Data below >>
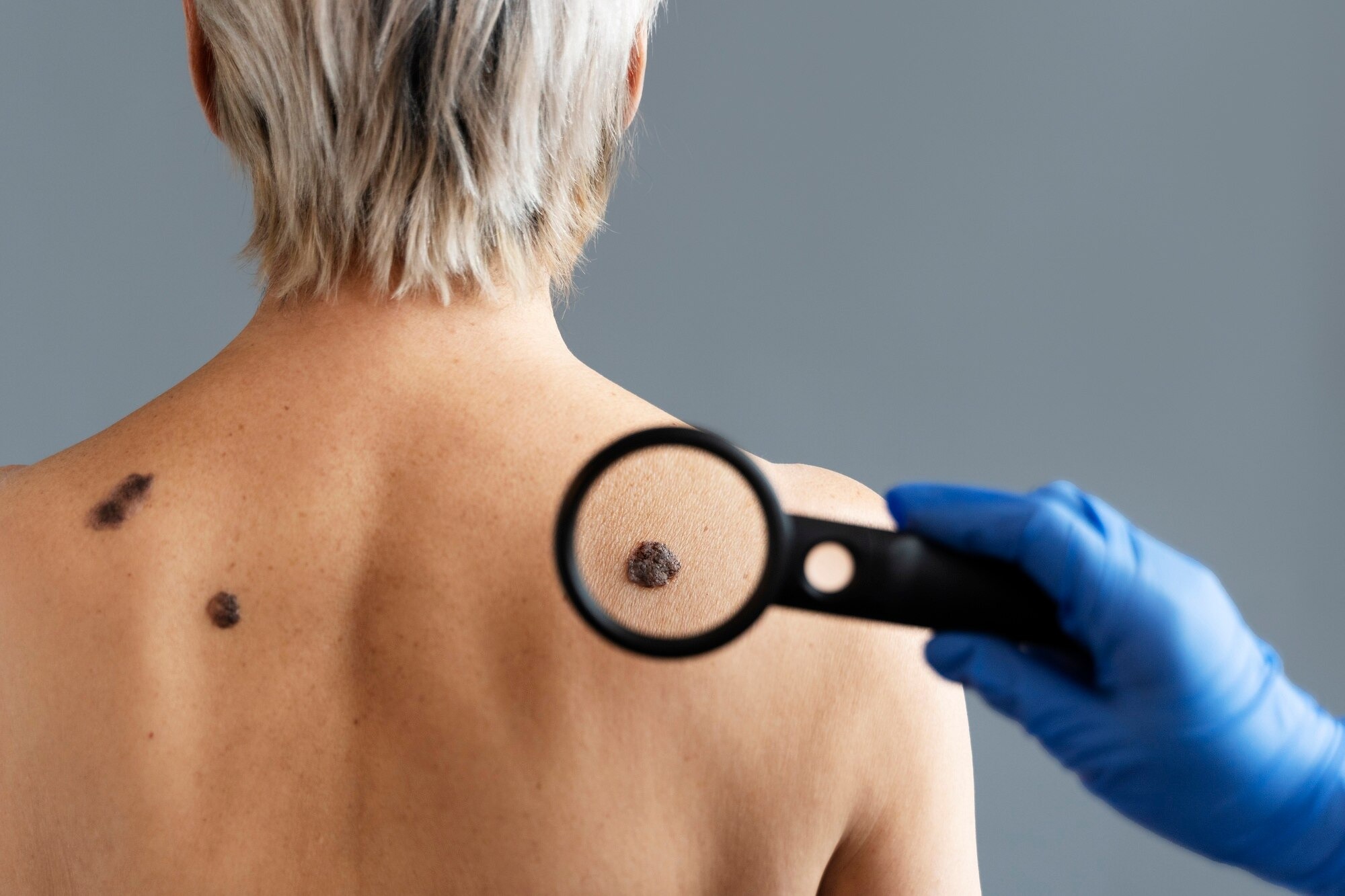 Skin Cancer Treatment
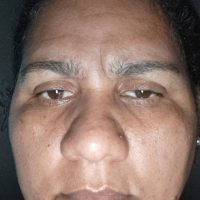 Profissional - Alzimar S.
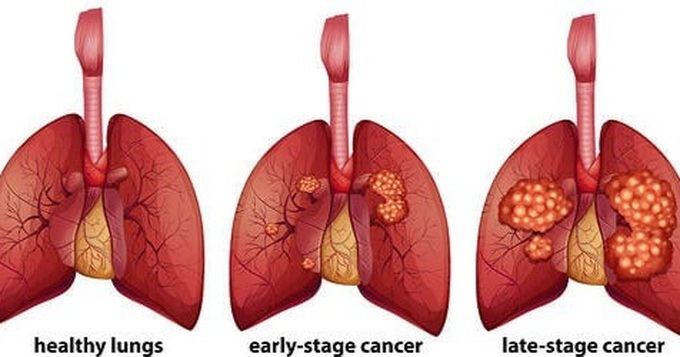 Ung thư phổi giai đoạn 4: Tiên lượng, dấu hiệu nhận biết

Work to complete >> Reproduce the data exactly, please, and omit its pictures.

Response to this task >>
 Skin Cancer Treatment
 Profissional - Alzimar S.
 Ung thư phổi giai đoạn 4: Tiên lượng, dấu hiệu nhận biết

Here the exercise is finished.